• _PROVIDED MATERIAL_
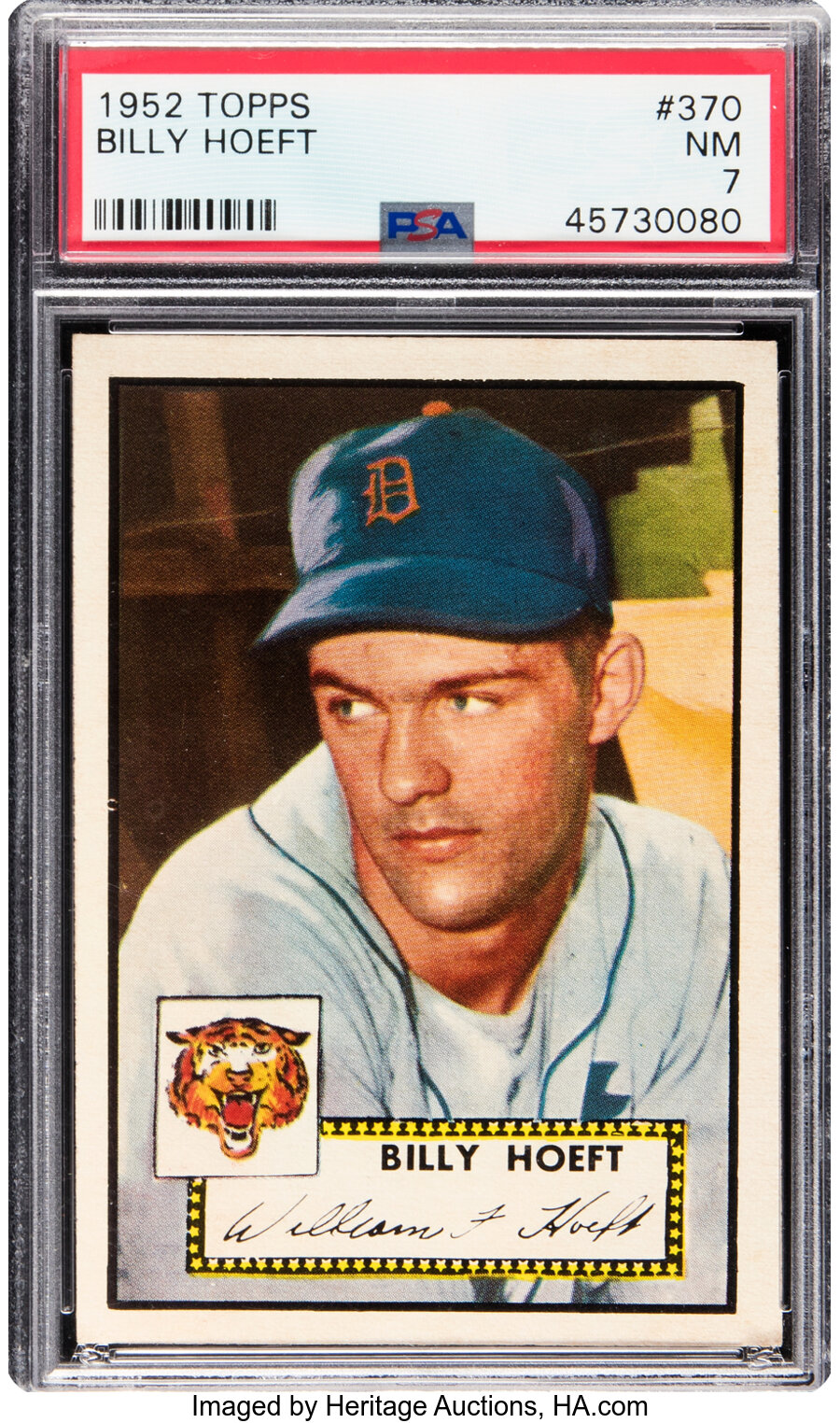 1952 Topps Billy Hoeft Rookie #370 PSA NM 7
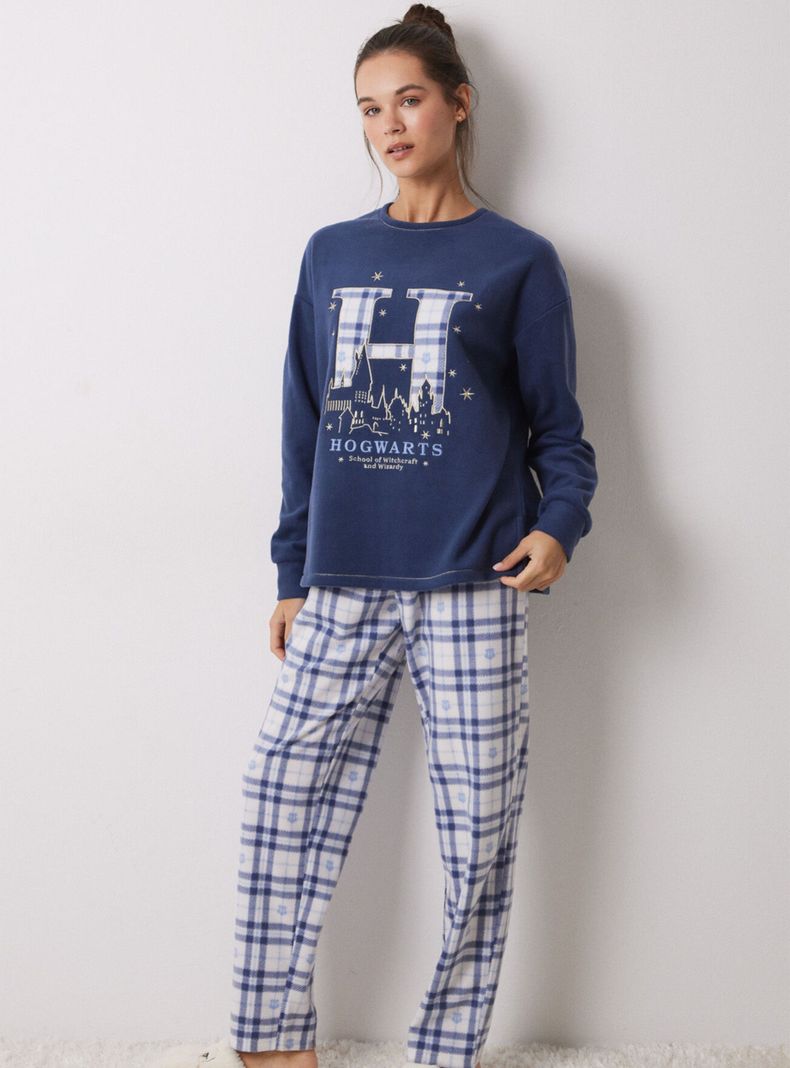 Pijama Polar Cuadros Harry Potter-0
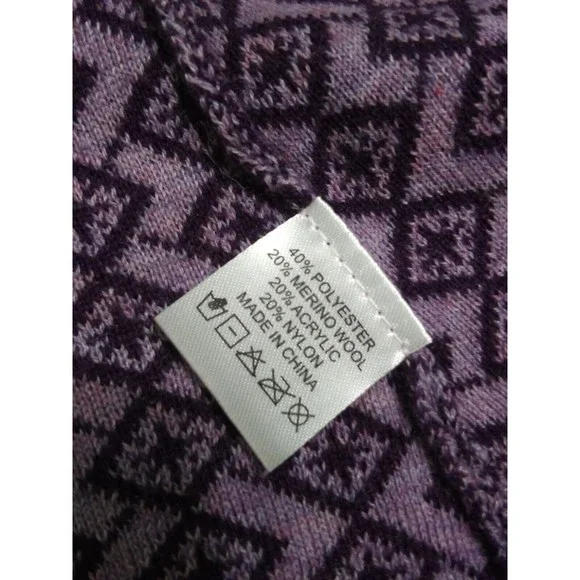 Neve Women's Small Wool Cardigan Open Front Snowflake Ski Sweater Purple Violet - Picture 6 of 11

• _EXERCISE BRIEF_
Skip the images and write out the rest of the listing exactly.

• _ANSWER SPACE_
 1952 Topps Billy Hoeft Rookie #370 PSA NM 7
 Pijama Polar Cuadros Harry Potter-0
 Neve Women's Small Wool Cardigan Open Front Snowflake Ski Sweater Purple Violet - Picture 6 of 11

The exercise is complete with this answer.